_Task to carry out_. Under this line are the records; repeat exactly the lines starting at the one containing "LL Bean Womens" and ending at the one containing "Trendy model wearing", omitting pictures.

START Listed entries

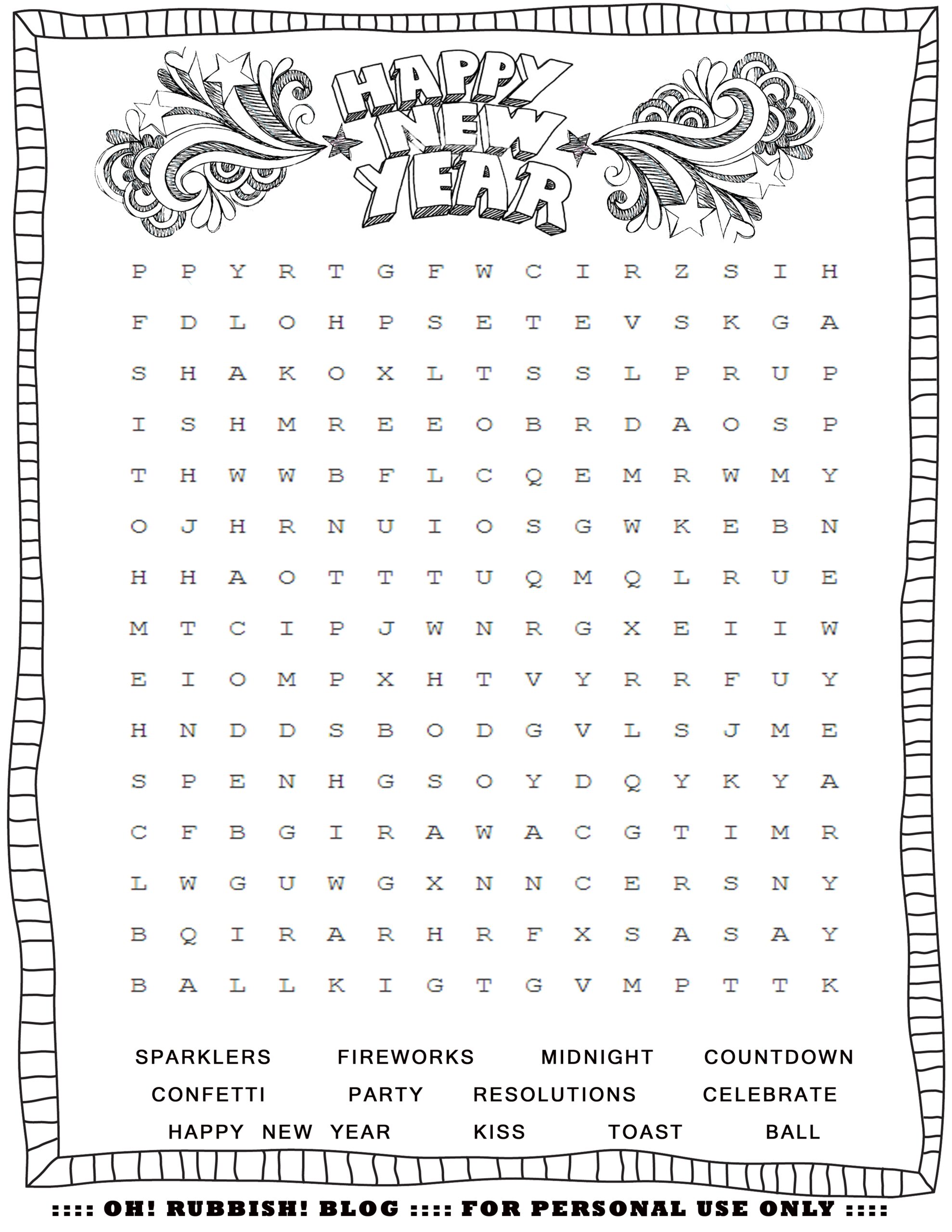 New Year s Printable Activities Entertain Your Kids With 4 New 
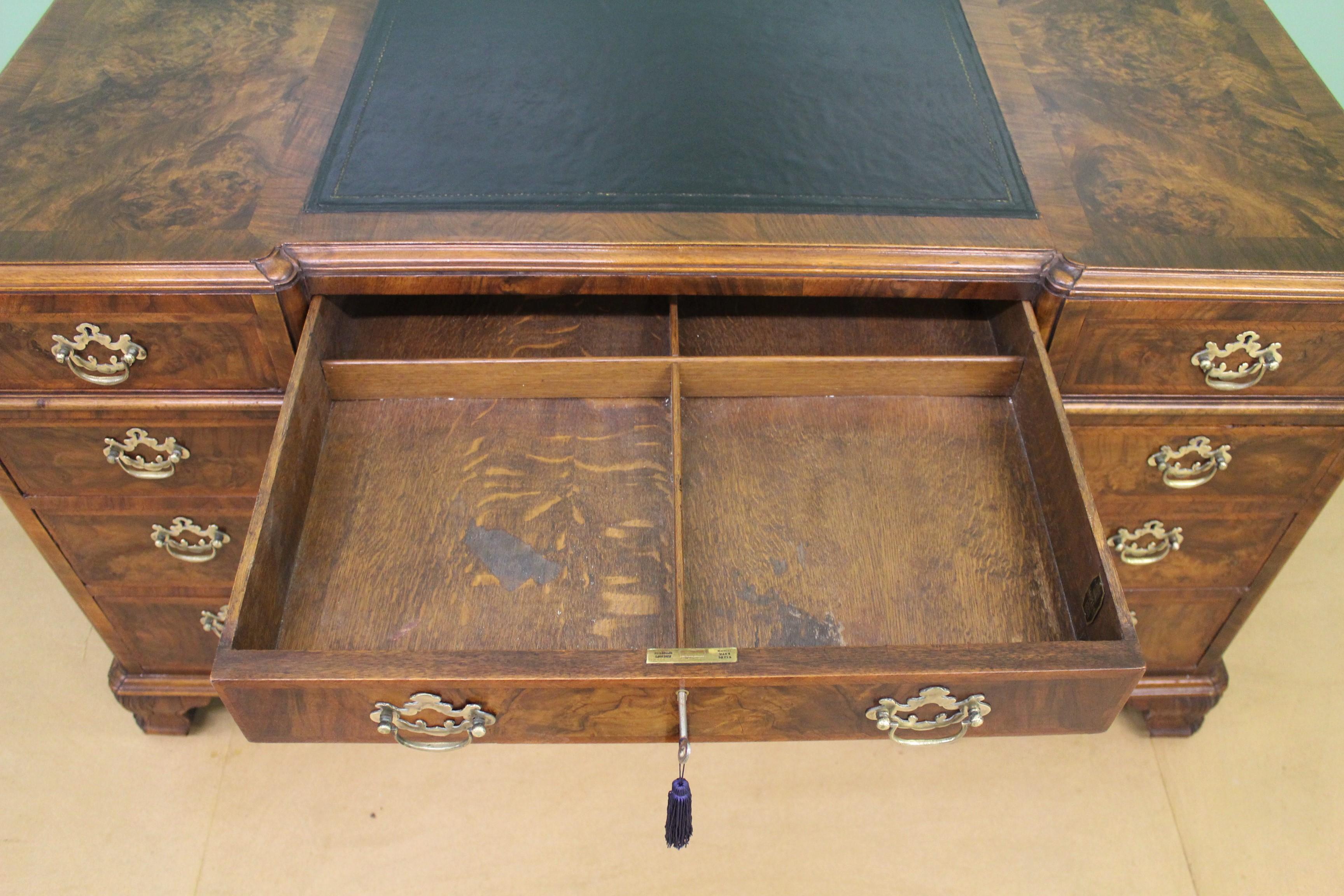 English Burr Walnut Pedestal Desk by Maple & Co. 8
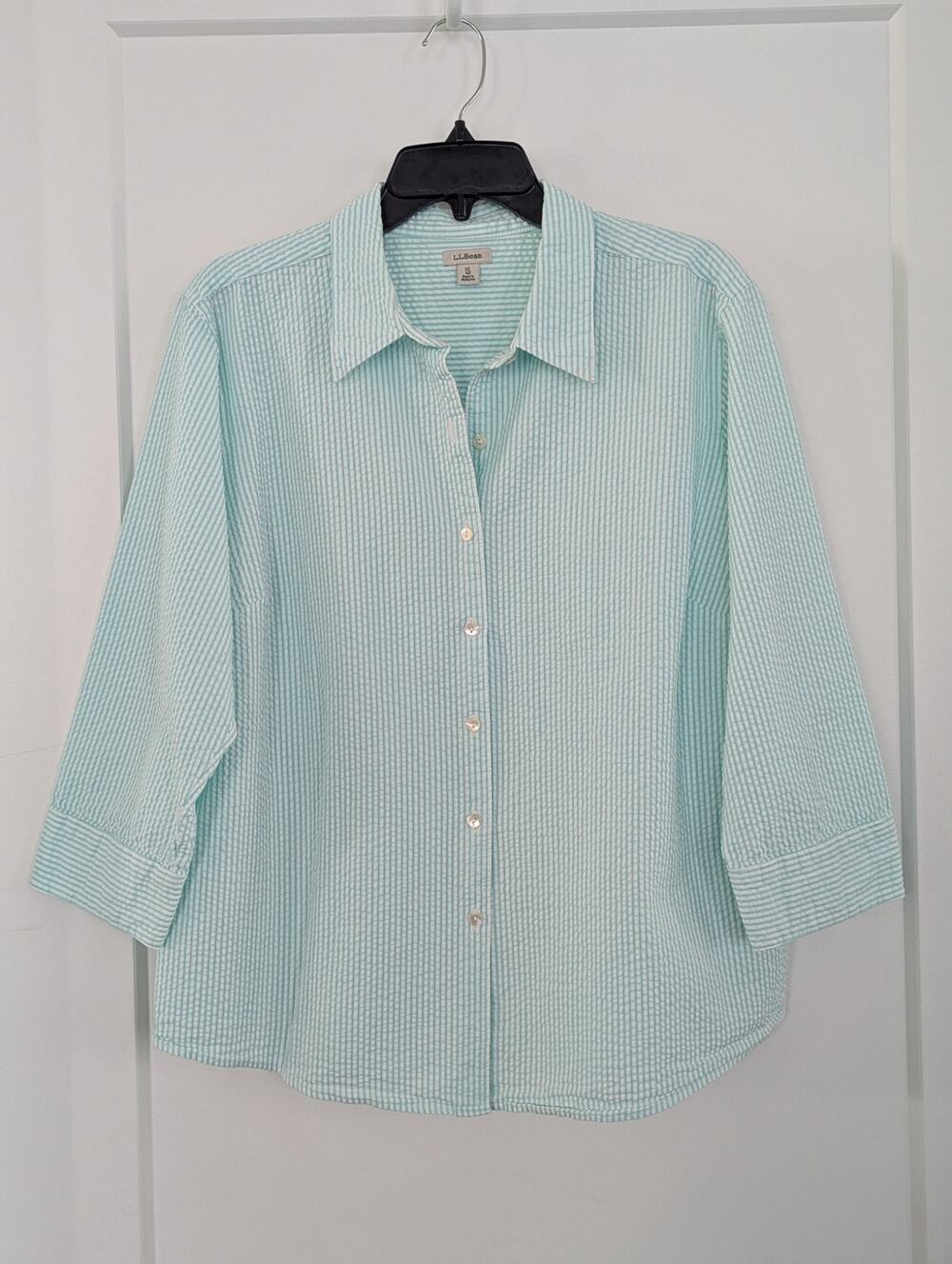 LL Bean Womens XL Seersucker Shirt Mint Green Stripe Button Coastal Preppy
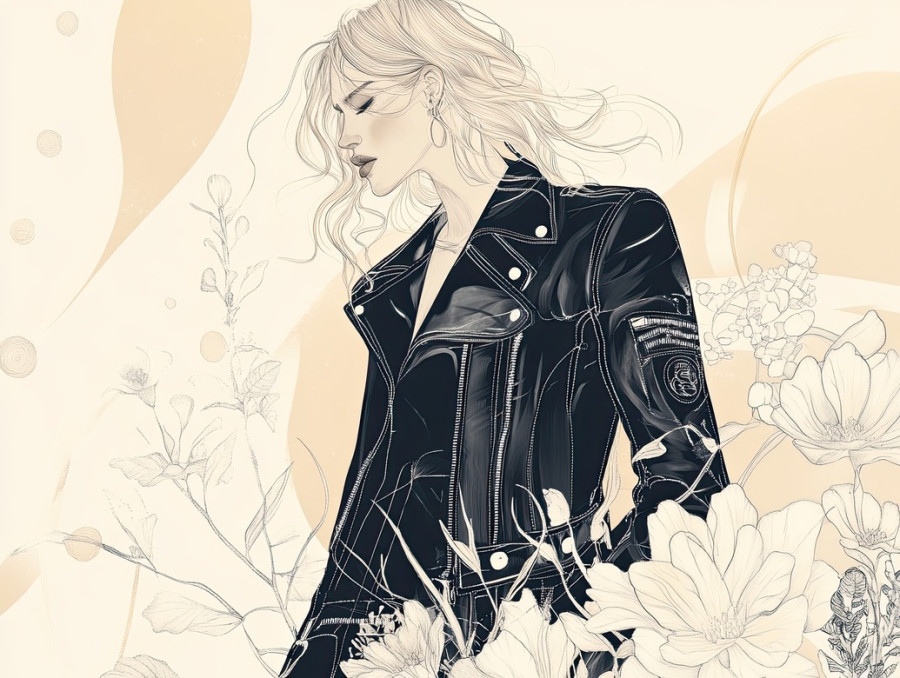 Trendy model wearing a sleek black leather jacket, bold fashion statement, rebellious and stylish look, fashion illustration, fashion drawing, fashion sketches
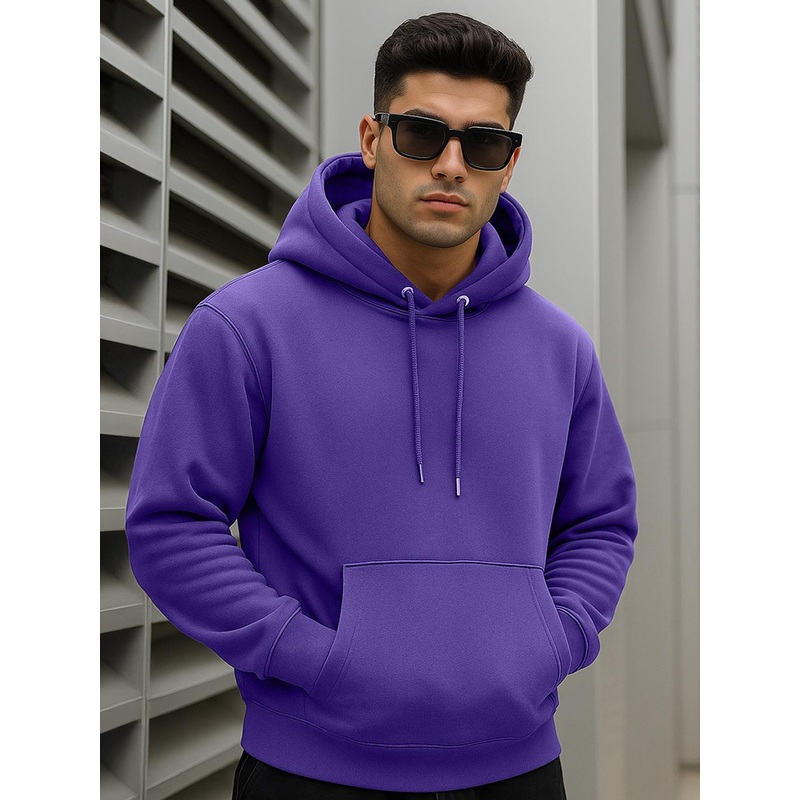 VEIRDO Men Purple Solid Cotton Fleece Regular Fit Hooded Pullover Sweatshirt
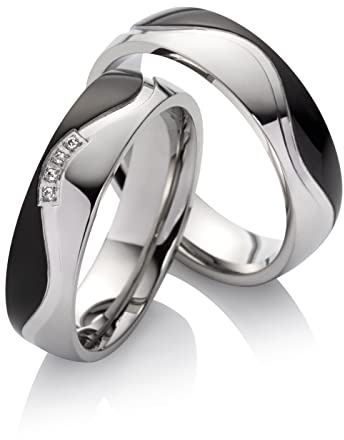 Paar Partnerringe & Eheringe aus Edelstahl – 6 mm Ringpaar schwarz beschichtet mit 4 Zirkonia, Trauringe für Sie und Ihn mit Gravur und Etui | 8014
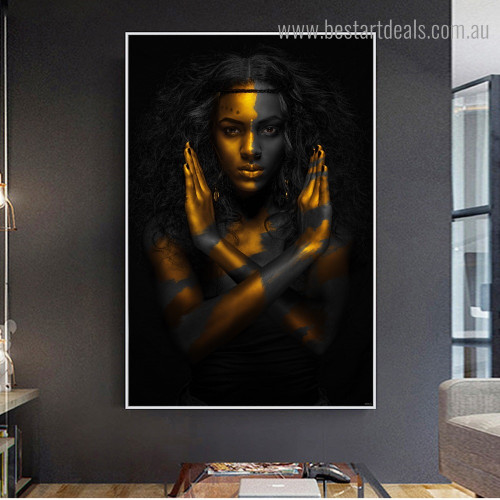 Golden Black Lady Abstract Figure Framed Artwork Image Canvas Print for Room Wall Garnish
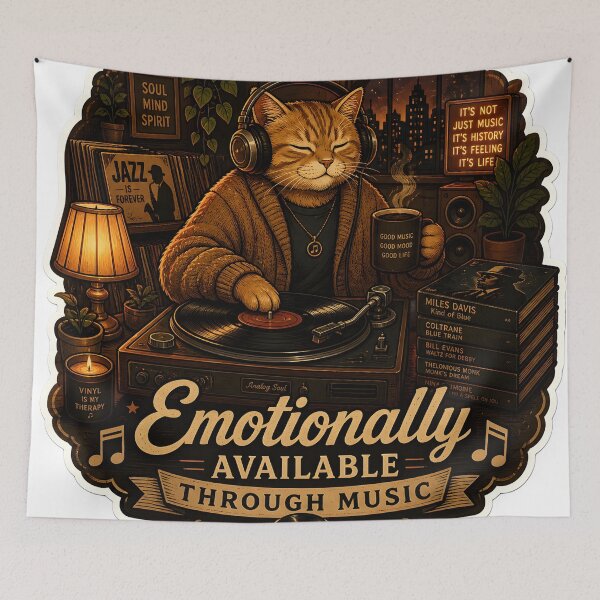 Item preview, Emotionally Available Through Music Retro Vinyl Aesthetic Cat designed and sold by StickyGuys.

END Listed entries

_Solution for this problem_.
 LL Bean Womens XL Seersucker Shirt Mint Green Stripe Button Coastal Preppy
 Trendy model wearing a sleek black leather jacket, bold fashion statement, rebellious and stylish look, fashion illustration, fashion drawing, fashion sketches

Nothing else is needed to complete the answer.